Sinds de Model 3 in 2016 werd voorgesteld, de auto die Tesla’s eerste echt betaalbare model moet worden, zou het Amerikaanse merk al zowat 600.000 bestellingen hebben gekregen. Aanvankelijk hoopte Tesla tegen eind vorig jaar 5.000 exemplaren per week te kunnen bouwen, om eind dit jaar 10.000 stuks per week van de band te zien rollen.

Bijstellen

Die doelstellingen moest Musk gradueel bijstellen. De Tesla-CEO wilde het productieproces van de Model 3 namelijk zoveel mogelijk automatiseren, maar dat zorgde voor heel wat problemen. Het intensieve gebruik van robots in fases van het productieproces die klassieke constructeurs door gewone arbeidskrachten laten doen, leverde de nodige vertragingen op.

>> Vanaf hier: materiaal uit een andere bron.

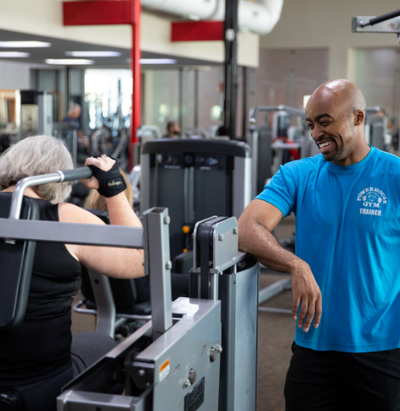 Power house gym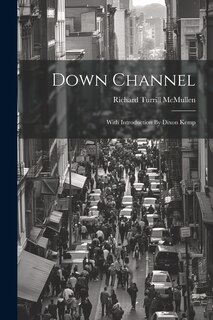 Front cover_Down Channel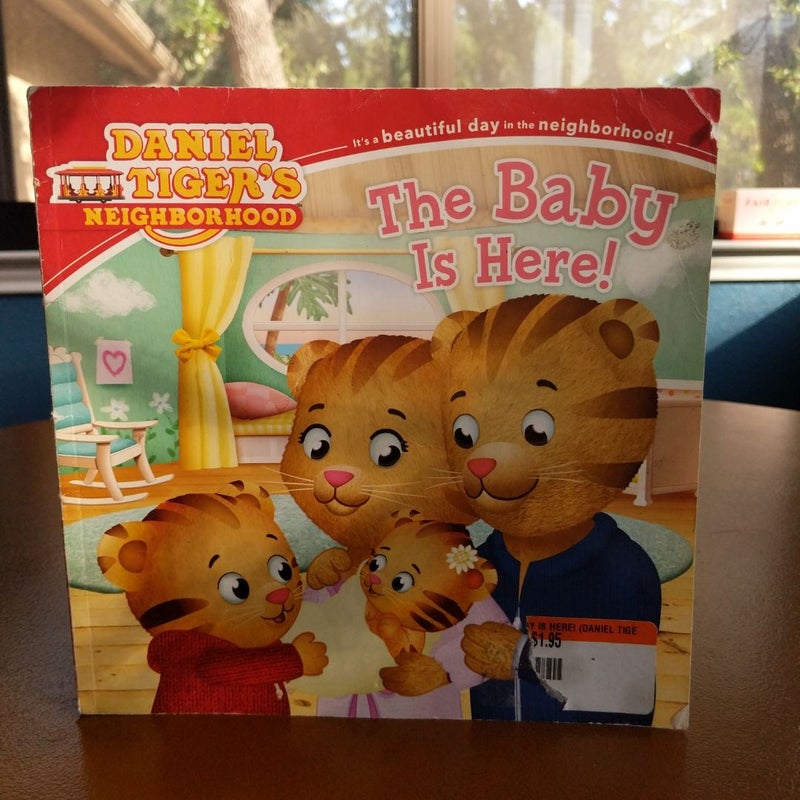 The Baby Is Here!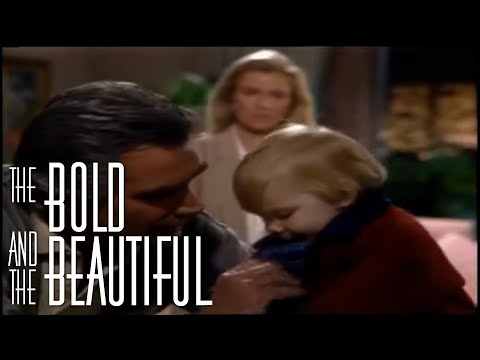 Bold and the Beautiful - 1991 (S5 E155) FULL EPISODE 1148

Sommige klanten moeten daardoor meer dan twee jaar wachten voor hun Model 3 voor de deur staat. Recent werd de productie voor de tweede keer in twee maanden stilgelegd. Musk stelde zijn productiedoelstellingen intussen ook bij: begin dit jaar hoopte hij dat er vandaag 2.500 stuks per week van de band moeten rollen. Begin deze maand waren dat er net 2.000.

“Mijn vergissing”

Elon Musk erkent intussen zijn schuld, zo liet hij op Twitter weten: “De doorgedreven automatisering was een vergissing. Mijn vergissing.” De productiestop moet de bottlenecks uit het productieproces halen. Hoe sneller die weg zijn en de productie van de Model 3 op schema zit, hoe beter. Dat komt de financiële gezondheid van Tesla ten goede komen en de schuldenberg van het bedrijf verkleinen.

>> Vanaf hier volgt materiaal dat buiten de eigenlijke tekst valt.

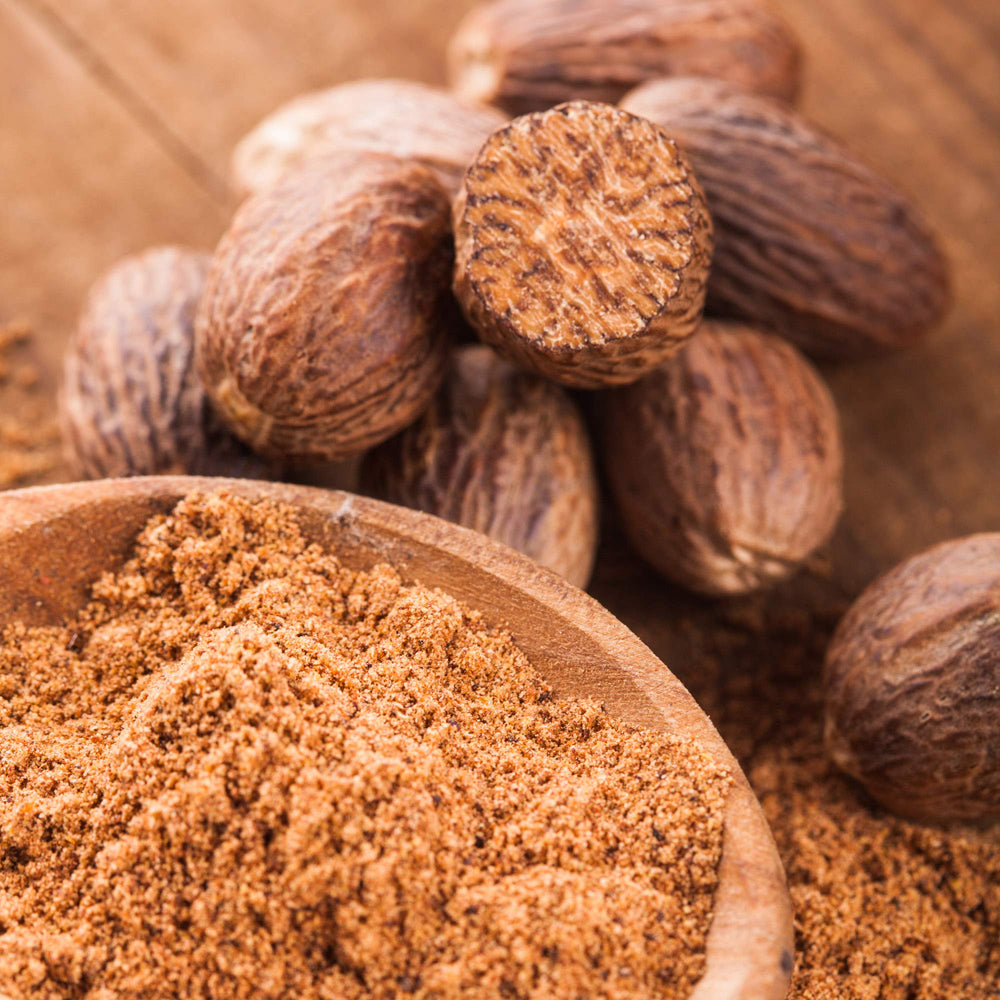 
                      
                        Nutmeg (Ground)
                      
                    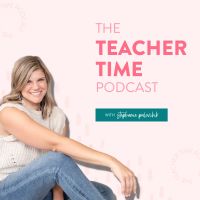 The Teacher Time Podcast cover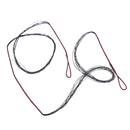 Archery Accessories 12 Strand 57'' Length Long Bow Replacement Bowstring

Daar ziet Musk voorlopig nog geen graten in: als antwoord op cijfers van het Britse weekblad The Economist, dat berekende dat Tesla dit jaar bijna 3 miljard dollar nodig heeft, tweette Musk onlangs: “Tesla zal winstgevend zijn en een positieve cashflow hebben in het derde en vierde kwartaal.” Analisten denken daar voorlopig anders over: “Tijd is geld in de auto-industrie, en Tesla denkt van allebei genoeg te hebben”, aldus analysebureau AutoPacific.